Marketplace Morning Report host David Brancaccio spoke to Andrew Metrick, a professor of finance and management at the Yale School of Management and director of the Yale Program on Financial Stability, about the early inklings of crisis and the limits of monetary policy. 

Brancaccio: So let’s start with, it was Jan. 22, 2008. How weird was it for the Fed to in between meetings, when we’re expecting them to nuance interest rate policy, to suddenly come out with an announcement like this?

Metrick: It’s certainly surprising when the Fed does something in between meetings. Ever since August of 2007, the Federal Reserve had been very, very carefully following markets, both domestic and international, for the large disruptions that occurred as a result of the subprime crisis.

Brancaccio: You just wish the Fed was doing some of this earlier in the cycle don’t you?

Metrick: You know with the benefit of hindsight, I think the one thing that maybe everyone could agree, wish we did earlier, was put in a couple of special programs that came two months later that were both designed to try to help the Bear Stearns and Lehman Brothers of the world deal with a liquidity crisis. Probably would have been helpful to have it a little earlier, but it’s kind of an extreme thing and not the type of thing that you usually can do outside of an emergency. It in fact required that they use their emergency authority to do it.

Brancaccio: So back to Jan. 22, 2008. The Fed cuts interest rates, the biggest one-day drop in 24 years. Even though the great financial mess was to come later that year, at least the stock market didn’t crash in early 2008. So I guess there’s that?

Metrick: That’s certainly not a bad thing if the stock market doesn’t crash. But at this particular time, the Federal Reserve, if you could have eavesdropped in on the meetings, and this is a guess because certainly I have never been able to do that, you would have heard them talking much more about disruption in credit markets rather than in equity markets. That was the concern at that time.

Brancaccio: And so along with everything else, cutting rates on that particular day sent a message to people particularly worried about those credit markets, that our stance is going to be to ease because we realize there’s a problem out there?
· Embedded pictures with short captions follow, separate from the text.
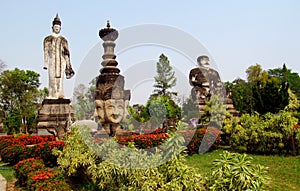 Sculptures in Nong Khai Buddha Park in Thailand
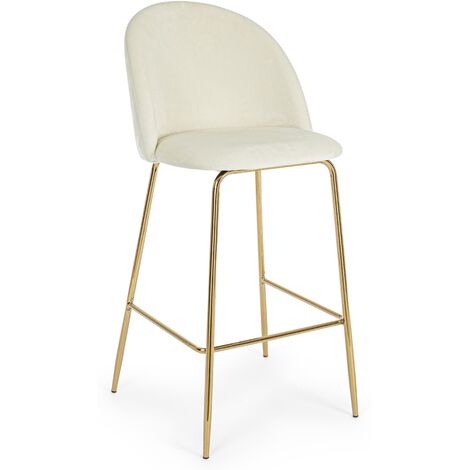 Tabouret de bar en velours et pieds en acier Cam - Lot de 2 (1/5)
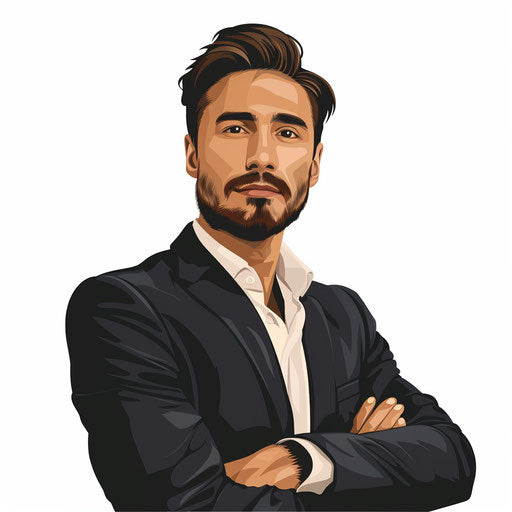 Photo realistic entrepreneur clipart on white background
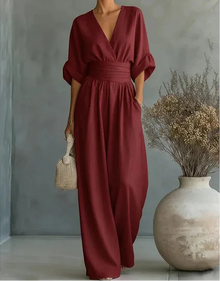 Sommerfeld | Eleganter Jumpsuit mit weitem Bein in Burgunderrot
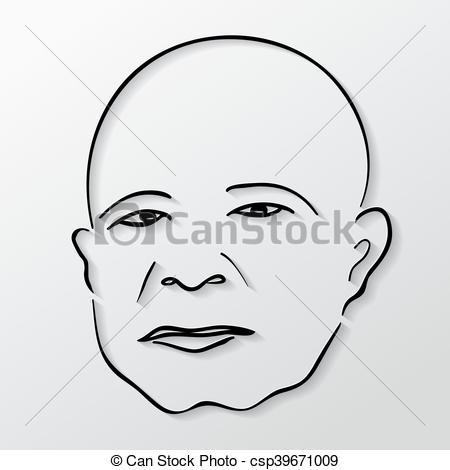 450x470 Vector Drawing Faces Old Men With Eyes Closed. Vector Drawing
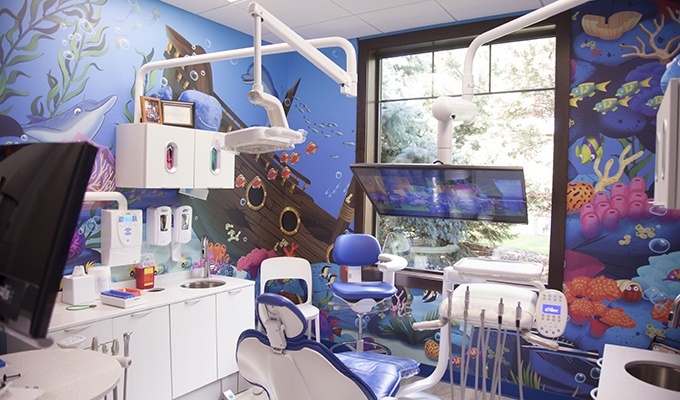 Fun underwater theme kids exam room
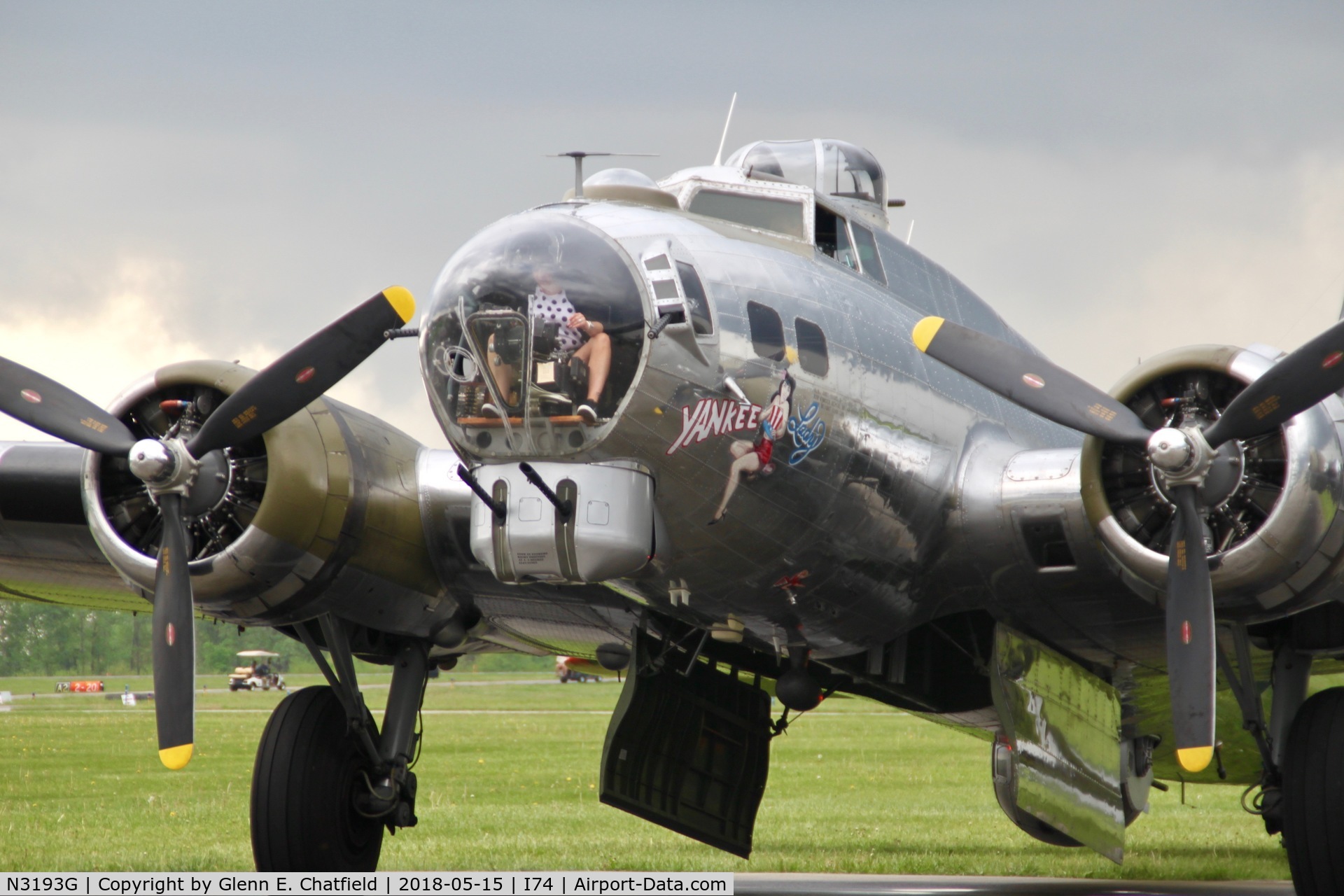 N3193G, 1944 Boeing B-17G Flying Fortress C/N 77255, Telephoto close up of the nose art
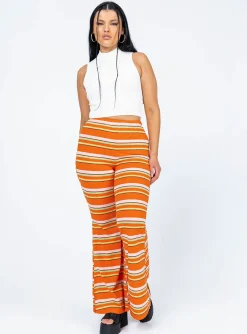 Princess Polly Jackson Knit Pants Orange Shop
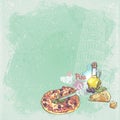 Italy Background for your text with the image of the Tower of Pisa, pizza, cheese and olives.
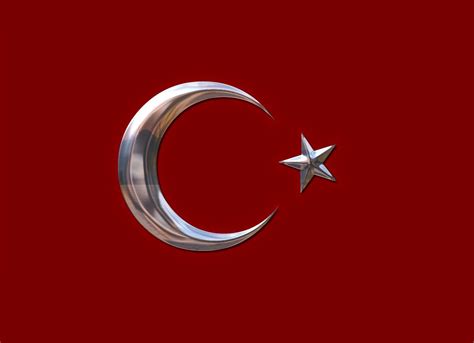 Turkish Turkey Flag Red Background Simple Background Minimalism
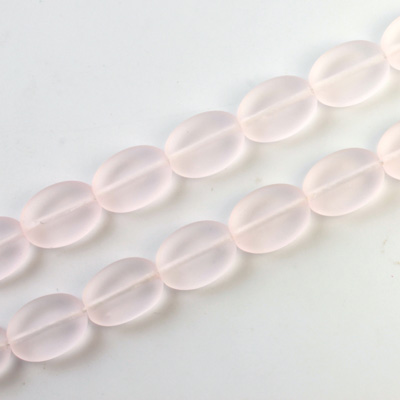 Czech Pressed Glass Bead - Flat Oval 12x9MM MATTE ROSALINE
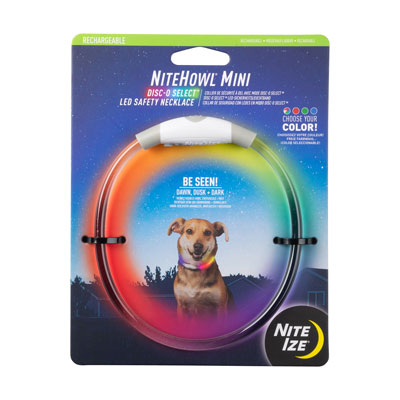 Nite Ize NITEHOWL® Mini LED Dog Safety Necklace - Rechargeable & Adjustable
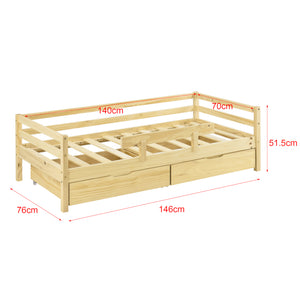 Kinderbed Reykholt met uitvalbeveiliging matras en 2 lades - verschillende kleuren en maten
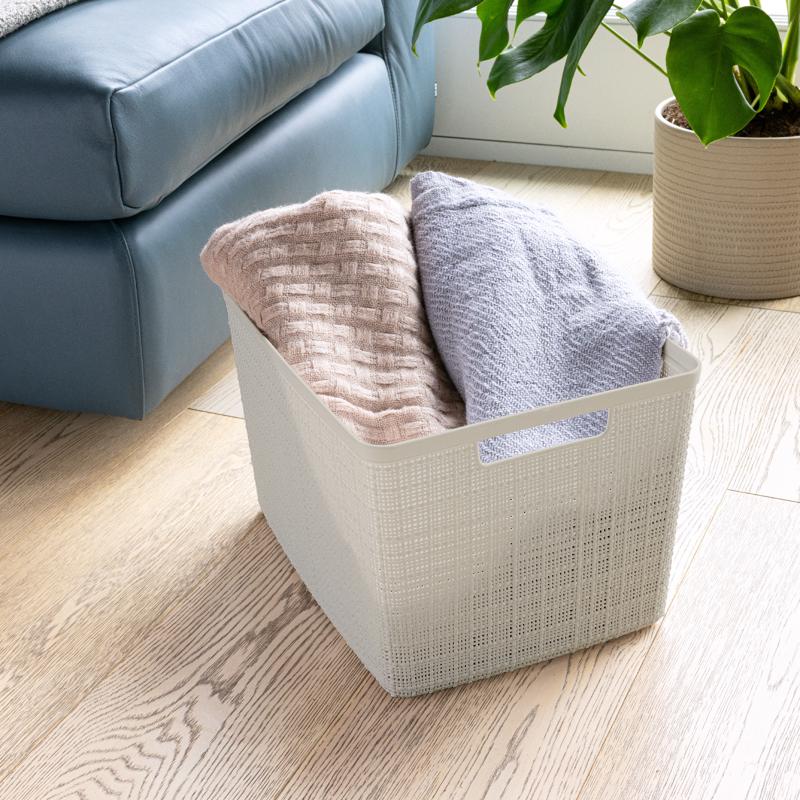 Curver Large 18 L Beige Woven Basket 9.1 in. H X 14.2 in. W X 11 in. D Stackable, Pack of 2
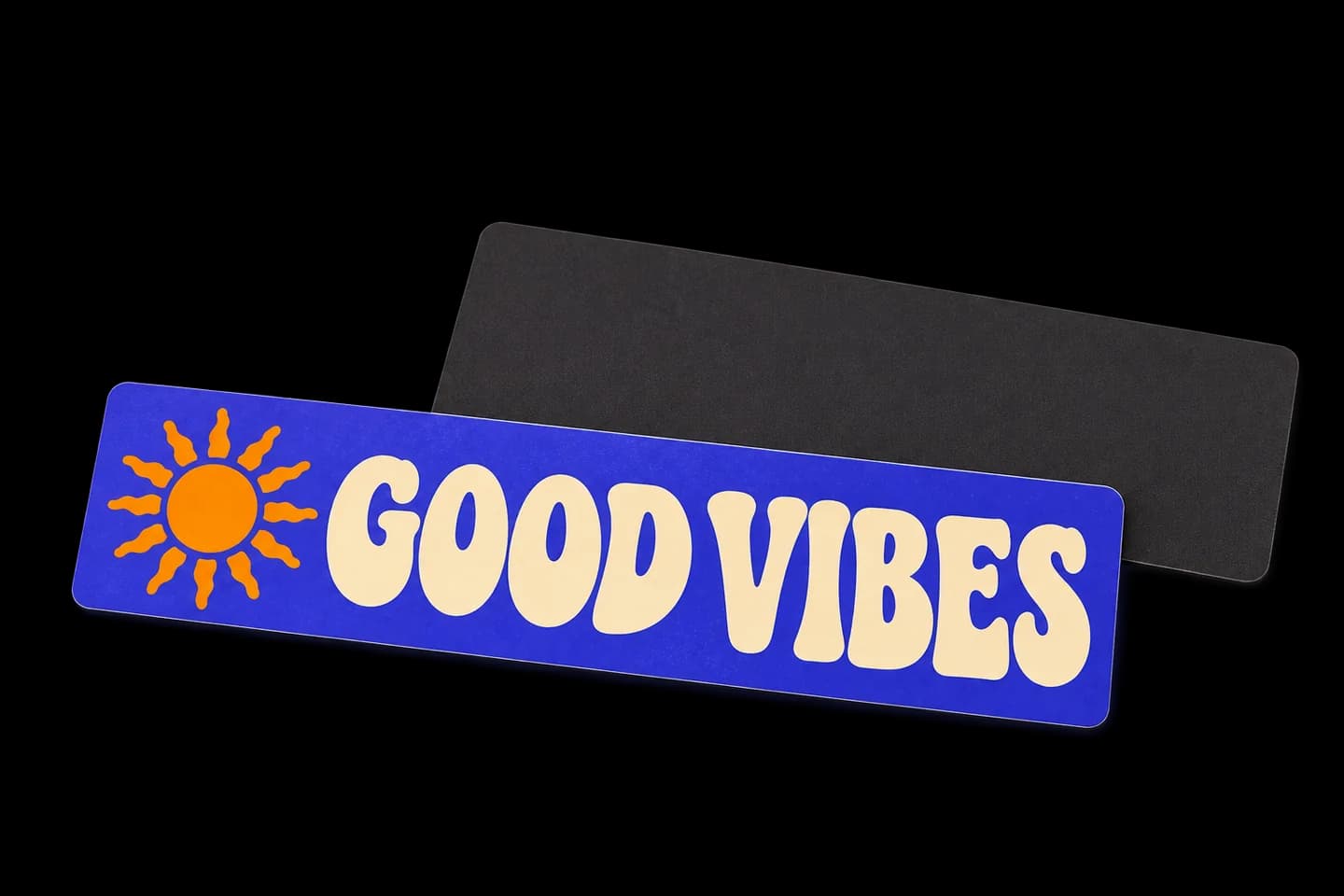 Front and back of thin custom magnets, showing the printed design and flat dark magnetic backing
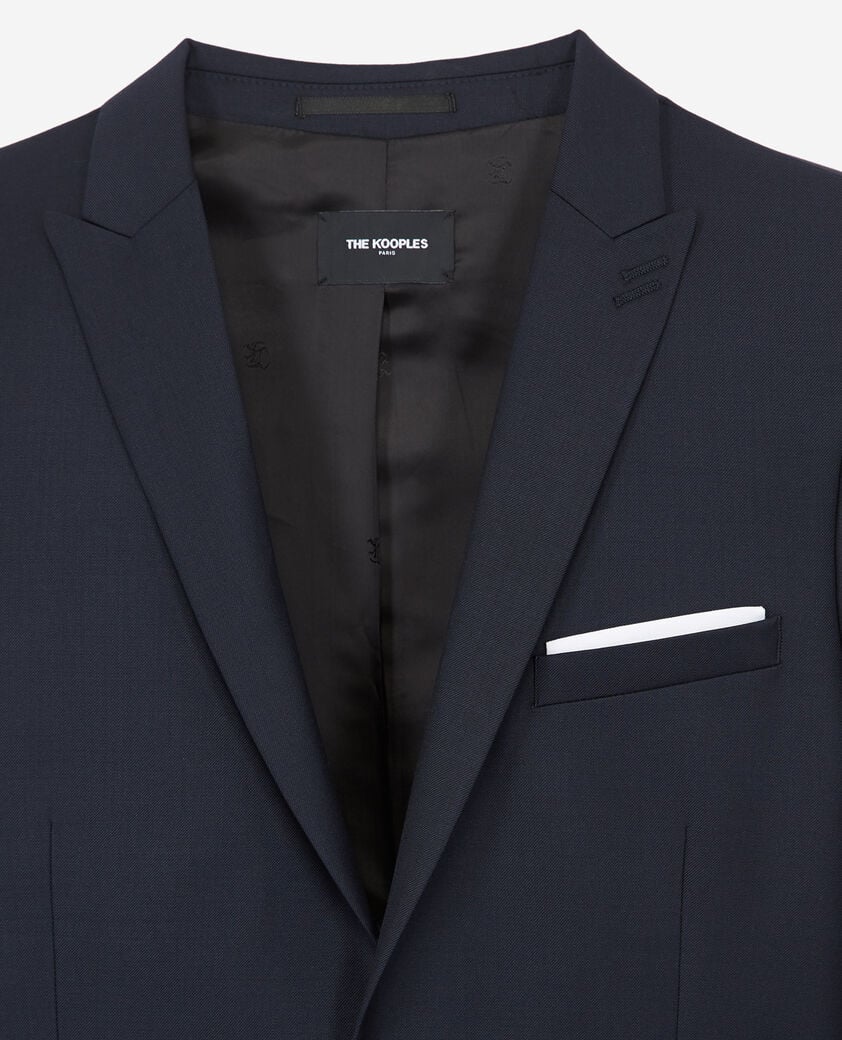 The Kooples HOMME DARK NAVY veste de costume coupe ajustée en laine marine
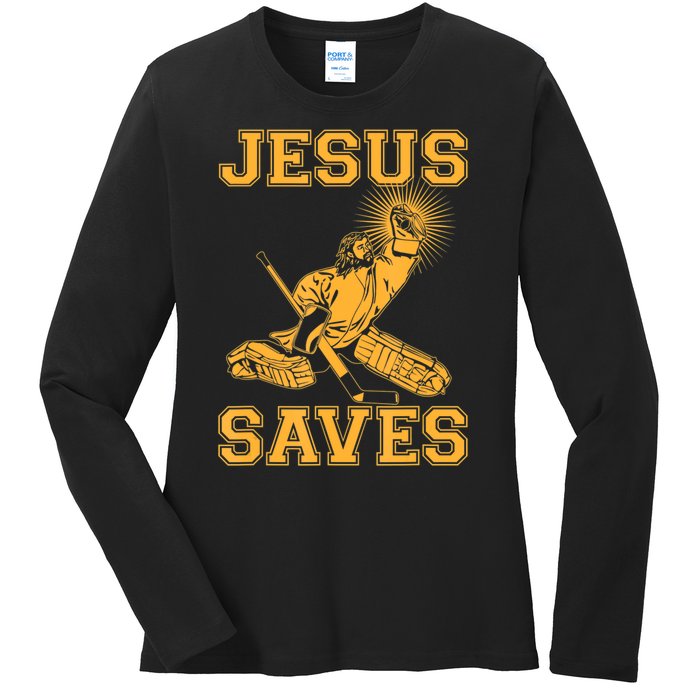 Jesus Saves Hockey Ladies Long Sleeve Shirt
Metrick: Yes, I think that was the single most important thing that action did, and that most of the actions did over the time between August 2007 and September 2008. But the Fed’s tools for this type of crisis, I think as we learned, were limited. They did what they could but had limited discretion over the types of problems that eventually bubbled through the market and became apparent in September of that year.